This function is the main routine responsible for creating the
time-frequency map. Currently three algorithms are implemented for
creating TF maps from time series data, namely, the Wigner-Ville
distribution, the Windowed Fourier transform and the Choi-Williams
distribution. There are two versions of the  Wigner-Ville transform
which have both been implemented.  
This function calls the appropriate transform routine
based on the variabel {\tt (*tfs).transformtype}. 

The arguments are:

\begin{description}
\item {\tt float *htilde}: Input. The pointer to the beginning of the data
segment.
\item {\tt struct\_tfparam *tfs}: Input. A pointer to a structure
(defined in the previous subsection).
\item {\tt int index}: Input. The subsegment for which the map is
to be computed.
\item{\tt float **tfgeneral}: Input.
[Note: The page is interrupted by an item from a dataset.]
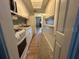 Long kitchen with ample counter space and white cabinets at 5945 21St N St # 14, St Petersburg, FL 33714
A temporary work
space. Memory must be allocated by the calling program. {\tt tfgeneral} must
point to an array of size {\tt ((*tfs).TD * sizeof(*float))}. Each of these pointers must
be allocated a space of {\tt ((*tfs).ND * sizeof(float))}  bytes.
\item{\tt  float **pic}: Output. The computed TF map. Memory must
be allocated by the calling program. {\tt pic} must
point to an array of size {\tt ((*tfs).PD * sizeof(*float))}. Each of these pointers must
be allocated a space of {\tt ((*tfs).PD * sizeof(float))} bytes.
\end{description}

In addition to the arguments the structure variable {\tt (*tfs)} contains
all the additional parameters for the construction of the map. This
structure is defined in the previous subsection.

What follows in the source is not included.